A shortage of staff is choking off production for some Whanganui businesses, Graeme Musson (left) and Craig McClelland say. Photos / Bevan Conley
Whanganui recruitment agencies say they have jobs they can fill immediately if only they can find people who want to do the work.
Graeme Musson of OCC, which trades as On Call Labour, said the business had 16 jobs it could have filled on Monday. They were in manufacturing, foodprocessing, building labouring, packing and warehousing.
"We had one this morning that came in and he's starting after lunch," Musson said.
Even businesses like Affco's Imlay meatworks, where jobs are usually handed between families over generations, are advertising for staff. So are fast food businesses. Burger King duty manager Kadee Lethaby said its vacancy sign had been taken down, but people could walk in with a CV any time.
Most of New Zealand was in the same Covid-19 growth situation.
Musson said he had been in the recruitment business for 17 years, and had never seen person power run so short. He knew of one manufacturer with machines lying idle, because it could not get staff to work them.

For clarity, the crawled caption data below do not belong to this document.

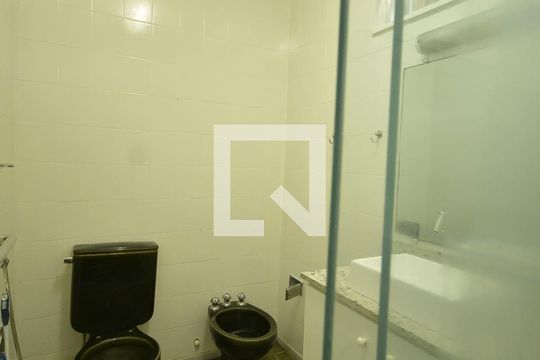 Banheiro Social de apartamento à venda com 3 quartos, 83m² em Laranjeiras, Rio de Janeiro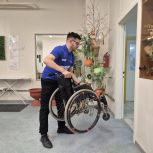 Молодогвардейцы Салехарда помогли в перевозке специального оборудования для ремонта инвалидных колясок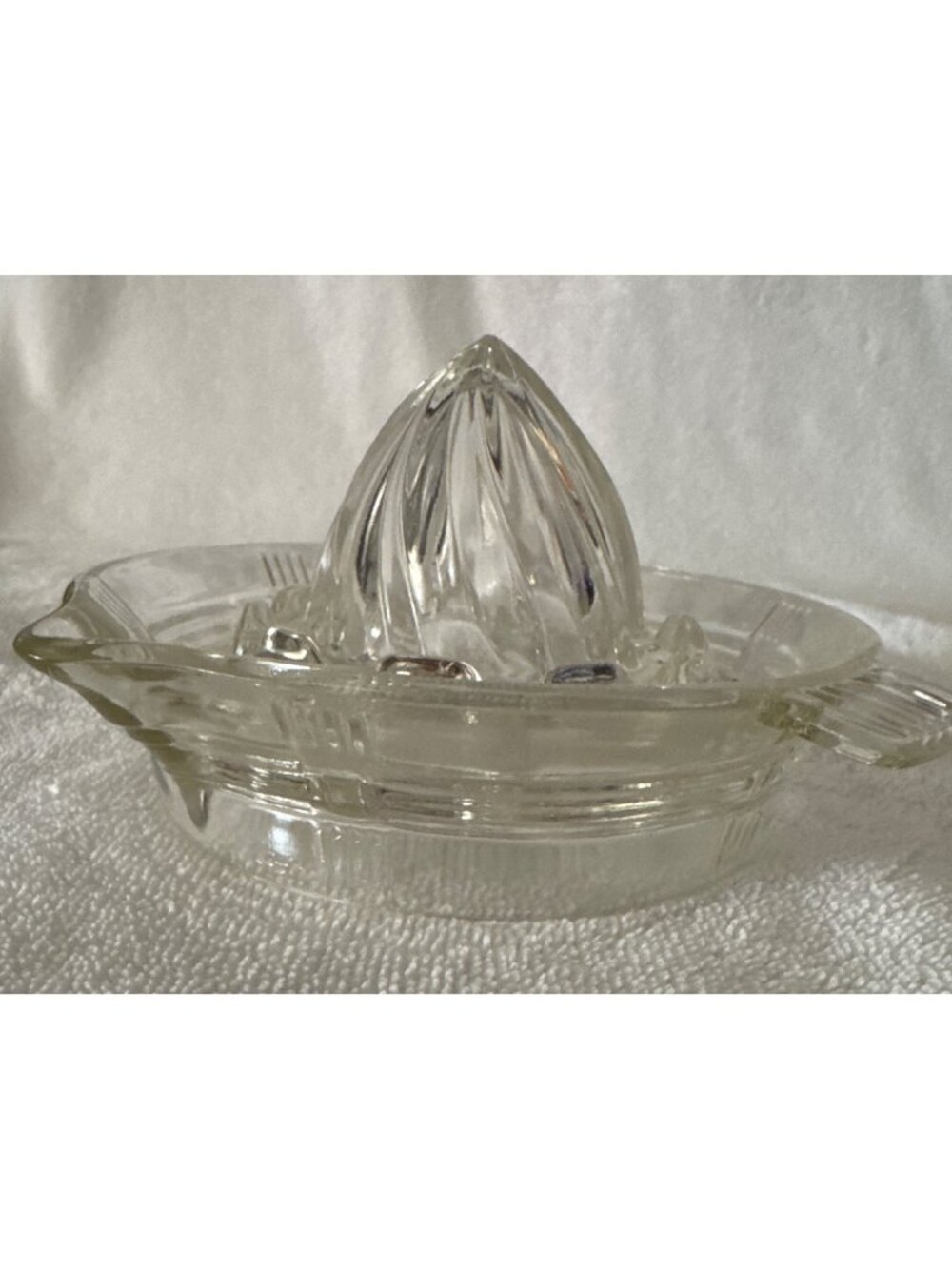 Clear Glass Citrus Juicer Reamer With Handle Spout 5.5" Diameter (5)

OCC has 30 people on its books, and 24 were out working on June 17. At the same time it had 16 jobs it couldn't fill. Another Whanganui agency was in a similar position, with 15 to 30 jobs available.
Employers were realising they had to make their jobs attractive in order to keep staff, Musson said.
He knows of a Whanganui business that has installed a soft serve icecream machine for staff.
Another has Pizza Fridays, and another gives full and part-time staff a sports afternoon on full wages.
The employers are also offering people flexible working hours and other benefits.
"You just have to think outside the square," OCC staff member Craig McClelland said.
It was hard for Musson to predict how the job market would change in a global pandemic. He now sees people who can't travel spending on other things, which has increased work in manufacturing and assembly.
"It was slow to take off with the business people but when they started taking off, the orders started to rack up and suddenly there were no people."
Without migrant workers in New Zealand, people who used to do casual work were able to move into full-time work. People who were in full-time work but didn't like the management were able to move to other full-time work.
"People don't leave work because of the job. They leave it because of the boss," Musson said.
The Government has increased the minimum wage to $20 an hour, with an extra 8 per cent paid for casual work. Benefit rates have also risen.
"That doesn't help it one bit. We get people come in here, who are on a benefit, and get a job. They come back and say they don't want it, they don't like it."
In the Whanganui district there were 1707 people on the unemployment benefit in May, down from 1923 in January.
Whanganui & Partners business strategic lead Tim Easton confirmed that most of the city's labour intensive industries were in need of people.
It was a follow-on effect from restrictions on immigration, he said, and being in a Covid-19 growth period.
"We are just trying to manage that. The main thing that we as an economic development agency would want is for businesses to forward plan their staff needs."
Training took time, he said, and businesses should also be taking advantage of the Government schemes available.
Gloria Campbell, Ministry of Social Development regional commissioner for Taranaki, King Country and Whanganui, said the ministry was working with businesses that needed staff.
It can offer wage subsidies while people train on the job, and training packages for specific skills.
Its work brokers match people to jobs and then follow up to make sure they can stay. Its Whanganui Service Centre has a space where groups can host events, as happened on Wednesday, June 16.
Covid-19 had initiated change, and employers may need to do things differently, Campbell said.
Whanganui Chamber of Commerce chairwoman Glenda Brown said she didn't know of glaring gaps in the job market. But she said chamber members who were recruiting out of town people for permanent positions were busy.